I was actually talking about

KVM_SET_CPUID2 (with dynamic user feature #1)
KVM_SET_CPUID2 (with dynamic user feature #2)

The second call through __xstate_request_perm() will be done with only user
xfeatures in @permitted and so the kernel will compute the wrong ksize.

> Your patch to fix the __xstate_request_perm() does seem to be correct in a
> sense that it will preserve the kernel fpu components in the fpu permissions.
>
> However note that kernel fpu permissions come from
> 'fpu_kernel_cfg.default_features' which don't include the dynamic kernel
> xfeatures (added a few patches before this one).
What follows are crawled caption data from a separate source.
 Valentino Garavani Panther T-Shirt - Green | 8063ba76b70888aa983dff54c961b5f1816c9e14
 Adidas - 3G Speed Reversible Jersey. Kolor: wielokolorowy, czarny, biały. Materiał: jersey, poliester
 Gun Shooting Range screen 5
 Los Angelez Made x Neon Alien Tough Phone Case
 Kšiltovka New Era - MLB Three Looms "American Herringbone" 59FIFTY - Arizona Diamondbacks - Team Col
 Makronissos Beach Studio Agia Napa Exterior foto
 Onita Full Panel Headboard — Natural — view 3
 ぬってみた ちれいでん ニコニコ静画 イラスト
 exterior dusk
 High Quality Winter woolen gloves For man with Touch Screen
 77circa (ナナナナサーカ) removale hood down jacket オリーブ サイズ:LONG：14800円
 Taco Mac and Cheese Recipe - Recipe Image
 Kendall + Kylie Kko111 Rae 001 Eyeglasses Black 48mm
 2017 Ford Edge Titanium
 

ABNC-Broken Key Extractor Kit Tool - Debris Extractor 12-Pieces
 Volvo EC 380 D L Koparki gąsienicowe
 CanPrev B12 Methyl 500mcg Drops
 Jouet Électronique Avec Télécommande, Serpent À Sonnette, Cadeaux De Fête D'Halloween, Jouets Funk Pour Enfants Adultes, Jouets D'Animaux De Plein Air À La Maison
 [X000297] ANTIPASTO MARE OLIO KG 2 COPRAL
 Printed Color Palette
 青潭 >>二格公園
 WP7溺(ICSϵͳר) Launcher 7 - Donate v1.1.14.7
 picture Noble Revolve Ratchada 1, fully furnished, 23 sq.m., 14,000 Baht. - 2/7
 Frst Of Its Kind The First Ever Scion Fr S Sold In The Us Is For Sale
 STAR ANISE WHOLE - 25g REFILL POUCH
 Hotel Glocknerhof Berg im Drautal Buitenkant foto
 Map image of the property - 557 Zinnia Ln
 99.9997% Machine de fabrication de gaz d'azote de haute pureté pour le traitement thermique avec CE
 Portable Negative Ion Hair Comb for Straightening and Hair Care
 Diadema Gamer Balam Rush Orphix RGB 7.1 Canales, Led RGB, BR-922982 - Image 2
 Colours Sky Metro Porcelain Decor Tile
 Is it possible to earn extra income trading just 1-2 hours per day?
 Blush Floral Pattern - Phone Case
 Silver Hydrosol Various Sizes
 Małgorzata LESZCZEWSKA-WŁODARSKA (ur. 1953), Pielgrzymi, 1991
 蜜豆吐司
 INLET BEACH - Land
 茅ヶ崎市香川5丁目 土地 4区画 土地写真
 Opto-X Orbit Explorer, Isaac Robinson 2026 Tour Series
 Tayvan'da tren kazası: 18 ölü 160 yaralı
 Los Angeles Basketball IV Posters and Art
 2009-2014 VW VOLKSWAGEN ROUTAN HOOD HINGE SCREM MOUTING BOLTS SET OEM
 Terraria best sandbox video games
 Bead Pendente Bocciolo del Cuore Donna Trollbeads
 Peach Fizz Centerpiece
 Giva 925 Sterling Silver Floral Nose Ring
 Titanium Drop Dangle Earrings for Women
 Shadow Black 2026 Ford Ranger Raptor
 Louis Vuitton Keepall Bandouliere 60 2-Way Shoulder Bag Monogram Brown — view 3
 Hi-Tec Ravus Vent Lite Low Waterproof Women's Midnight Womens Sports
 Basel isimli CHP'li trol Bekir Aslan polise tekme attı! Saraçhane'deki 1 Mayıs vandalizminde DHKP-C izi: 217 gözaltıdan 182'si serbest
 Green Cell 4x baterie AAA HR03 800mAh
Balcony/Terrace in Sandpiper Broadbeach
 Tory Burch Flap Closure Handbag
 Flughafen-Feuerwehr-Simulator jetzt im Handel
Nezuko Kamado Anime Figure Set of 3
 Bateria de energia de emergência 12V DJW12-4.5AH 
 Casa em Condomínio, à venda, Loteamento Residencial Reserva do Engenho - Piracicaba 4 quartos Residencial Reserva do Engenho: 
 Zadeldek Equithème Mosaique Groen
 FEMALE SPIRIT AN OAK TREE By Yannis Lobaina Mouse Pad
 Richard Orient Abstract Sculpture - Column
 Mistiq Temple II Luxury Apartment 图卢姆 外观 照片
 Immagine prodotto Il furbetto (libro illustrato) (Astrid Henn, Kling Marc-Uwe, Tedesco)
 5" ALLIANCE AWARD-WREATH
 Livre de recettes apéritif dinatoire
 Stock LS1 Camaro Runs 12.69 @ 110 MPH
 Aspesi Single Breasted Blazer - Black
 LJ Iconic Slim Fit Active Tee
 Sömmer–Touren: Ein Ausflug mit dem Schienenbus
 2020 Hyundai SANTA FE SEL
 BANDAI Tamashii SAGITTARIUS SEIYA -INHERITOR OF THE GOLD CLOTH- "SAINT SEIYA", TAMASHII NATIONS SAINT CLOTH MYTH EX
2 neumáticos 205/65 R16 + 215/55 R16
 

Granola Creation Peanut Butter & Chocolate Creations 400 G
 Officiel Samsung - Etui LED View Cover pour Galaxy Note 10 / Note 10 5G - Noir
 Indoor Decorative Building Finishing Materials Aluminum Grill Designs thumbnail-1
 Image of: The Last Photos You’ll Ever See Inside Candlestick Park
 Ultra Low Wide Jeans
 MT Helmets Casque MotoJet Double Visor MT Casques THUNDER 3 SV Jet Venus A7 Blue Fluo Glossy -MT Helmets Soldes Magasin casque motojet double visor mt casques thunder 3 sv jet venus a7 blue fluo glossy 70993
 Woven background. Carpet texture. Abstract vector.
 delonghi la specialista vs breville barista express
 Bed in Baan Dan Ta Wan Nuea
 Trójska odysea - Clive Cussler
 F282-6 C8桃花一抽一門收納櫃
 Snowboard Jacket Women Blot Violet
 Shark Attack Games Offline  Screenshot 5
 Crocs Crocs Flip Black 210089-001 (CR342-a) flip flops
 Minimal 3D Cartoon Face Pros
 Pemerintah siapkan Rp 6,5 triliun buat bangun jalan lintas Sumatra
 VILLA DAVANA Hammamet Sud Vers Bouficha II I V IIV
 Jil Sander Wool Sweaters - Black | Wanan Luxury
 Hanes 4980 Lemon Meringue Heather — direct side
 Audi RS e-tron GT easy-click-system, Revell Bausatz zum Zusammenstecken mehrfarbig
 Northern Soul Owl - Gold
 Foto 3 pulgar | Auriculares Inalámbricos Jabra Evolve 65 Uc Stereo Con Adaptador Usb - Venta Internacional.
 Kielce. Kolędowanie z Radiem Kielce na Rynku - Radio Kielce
CET_KERNEL isn't dynamic! It's guest-only. There are no runtime decisions as to
whether or not CET_KERNEL is allowed. All guest FPU get CET_KERNEL, no kernel FPUs
get CET_KERNEL.

That matters because I am also proposing that we add a dedicated, defined-at-boot
fpu_guest_cfg instead of bolting on a "dynamic", which is what I meant by this:

: Or even better if it doesn't cause weirdness elsewhere, a dedicated
: fpu_guest_cfg. For me at least, a fpu_guest_cfg would make it easier to
: understand what all is going on.

That way, initialization of permissions is simply

fpu->guest_perm = fpu_guest_cfg.default_features;

and there's no need to differentiate between guest and kernel FPUs when reallocating
for dynamic user xfeatures because guest_perm.__state_perm already holds the correct
data.

> Therefore an attempt to resize the xstate to include a kernel dynamic feature by
> __xfd_enable_feature will fail.
>
> If kvm on the other hand includes all the kernel dynamic features in the
> initial allocation of FPU state (not optimal but possible),

This is what I am suggesting.

: There are definitely scenarios where CET will not be exposed to KVM guests, but
: I don't see any reason to make the guest FPU space dynamically sized for CET.
: It's what, 40 bytes?

> then later call to __xstate_request_perm for a userspace dynamic feature
> (which can still happen) will mess the the xstate, because again the
> permission code assumes that only default kernel features were granted the
> permissions.
>
>
> This has to be solved this way or another.
>
> >
> > The only benefit I can think of for a VM-scoped ioctl() is that it would allow a
> > single process to host multiple VMs with different dynamic xfeature requirements.
> > But such a setup is mostly theoretical. Maybe it'll affect the SEV migration
> > helper at some point? But even that isn't guaranteed.
> >
> > So while I agree that ARCH_GET_XCOMP_GUEST_PERM isn't ideal, practically speaking
> > it's sufficient for all current use cases. Unless a concrete use case comes along,
> > deprecating ARCH_GET_XCOMP_GUEST_PERM in favor of a KVM ioctl() would be churn for
> > both the kernel and userspace without any meaningful benefit, or really even any
> > true change in behavior.
>
>
> ARCH_GET_XCOMP_GUEST_PERM/ARCH_SET_XCOMP_GUEST_PERM is not a good API from
> usability POV, because it is redundant.
>
> KVM already has API called KVM_SET_CPUID2, by which the qemu/userspace
> instructs the KVM, how much space to allocate, to support a VM with *this*
> CPUID.
>
> For example if qemu asks for nested SVM/VMX, then kvm will allocate on demand
> state for it (also at least 8K/vCPU btw). The same should apply for AMX -
> Qemu sets AMX xsave bit in CPUID - that permits KVM to allocate the extra
> state when needed.
>
> I don't see why we need an extra and non KVM API for that.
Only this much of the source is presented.